この記事は、掲載時点の法律関係を前提として記載されています。法改正などにより、解釈適用に変更が生じる可能性がありますのでご注意ください。

急にピアノが弾けない!細則の変更でも「特別の影響」で承認が必要か?弁護士が解説

2022-04-08

このコラムのまとめ

  • マンションの規約の設定変更等には,区分所有者および議決権の各4分の3以上の多数による集会決議が必要。
  • また,その変更等によって特別の影響を受ける区分所有者の承諾も必要になる。
  • 特別の影響を受けるかどうかは,マンションごとの事情を丁寧に検討する必要がある。

急にピアノを弾いてはいけなくなった

 マンションでは,様々な方が住んでいます。

 中には,ピアノが弾きたくて入居した方もいるでしょう。

 今まで認められていたピアノの演奏が,夜8時以降は禁止されてしまったら、当然ですがとても困った状況になります。
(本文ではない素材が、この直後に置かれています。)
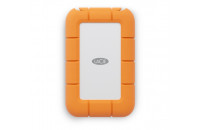 Жорсткі диски, SSD LaCie Rugged Mini SSD 1TB (STMF1000400)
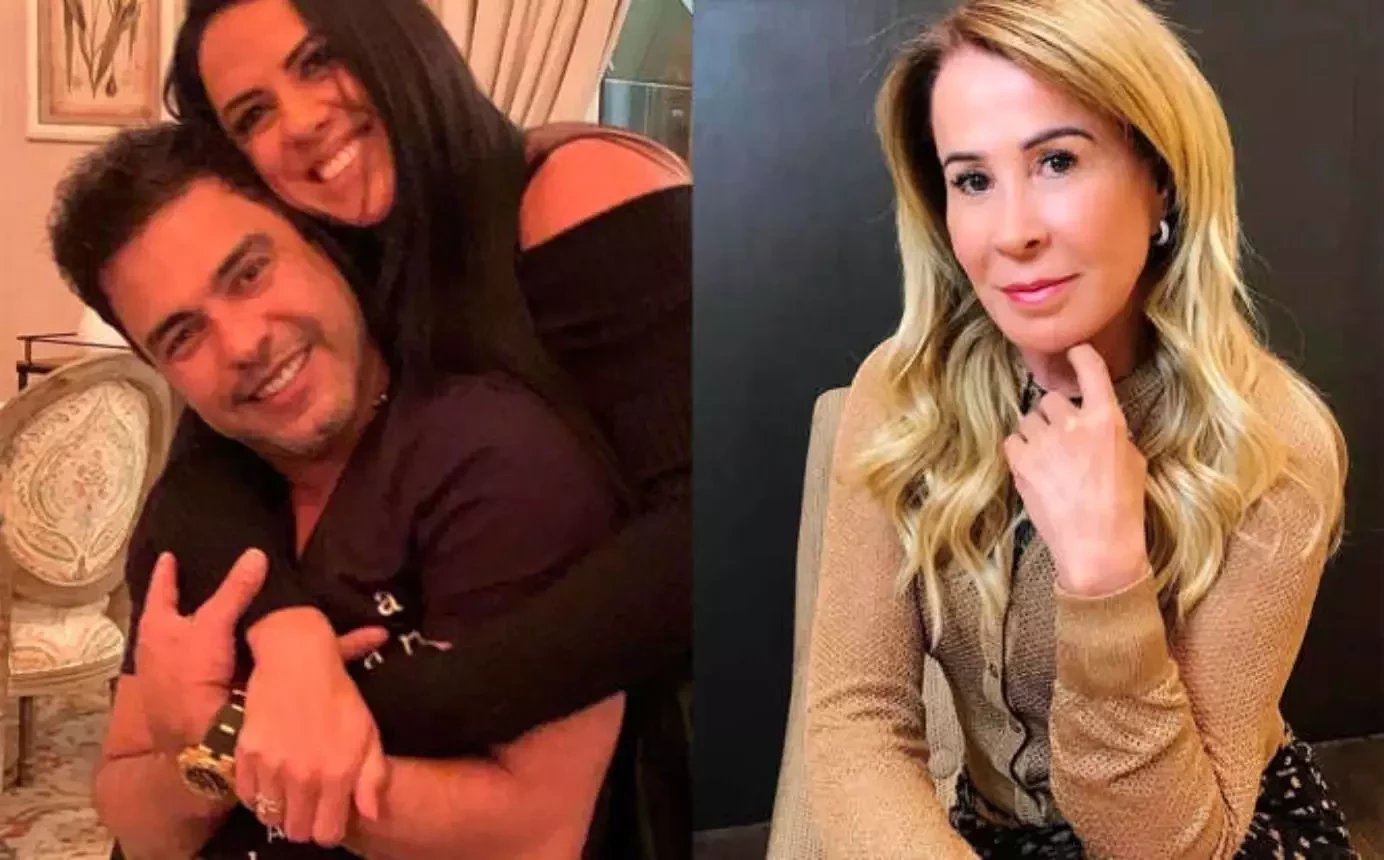 Confira 15 triângulos amorosos que já (ou quase) rolaram entre os famosos! - imagem 94647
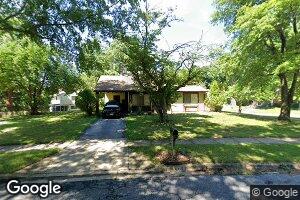 8801 Monmouth Dr, Upper Marlboro, MD 20772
 マンションで突然そのようなルールが出来た場合,ピアニストとしては何か反論できるでしょうか。

規約変更による「特別の影響」

 マンションの規約を設定,変更等する場合,区分所有者および議決権の各4分の3以上の多数による集会決議が必要です(区分31①)。

 4分の3以上の賛成というのはそもそも大きなハードルです。

 さらに,31条1項後段は,その規約変更等が「一部の区分所有者の権利に特別の影響を及ぼすべき時は,その承諾を得なければならない。」とされています。

 つまり、規約変更等には,特別の影響を受ける区分所有者の承諾まで必要なのです

 どういう場合に「特別の影響」があると言えるのでしょうか。裁判所では,「規約の設定,変更等の必要性及び合理性とこれによって一部の区分所有者が受ける不利益とを比較衡量し,当該区分所有関係の実態に照らして,その不利益が区分所有者の受忍すべき限度を超えると認められる場合をいう」とされています。

 まとめると,特別の影響はないとして規約変更等が有効となる要件は,①規約を変更等する必要性があること,②規約の変更に合理性があること,③変更等による不利益が受忍限度内であること,であるといえます。

 反対に,上記①から③の一つでも満たさない場合には,特別の影響を受ける者の承諾が必要です。

規約の変更ではなく,使用細則の設定・変更ならどうか?

 ところで,ピアノの演奏に関する規制などは、通常,管理規約自体では無く,その下位規範といえる「使用細則」にて規定されることが多いでしょう。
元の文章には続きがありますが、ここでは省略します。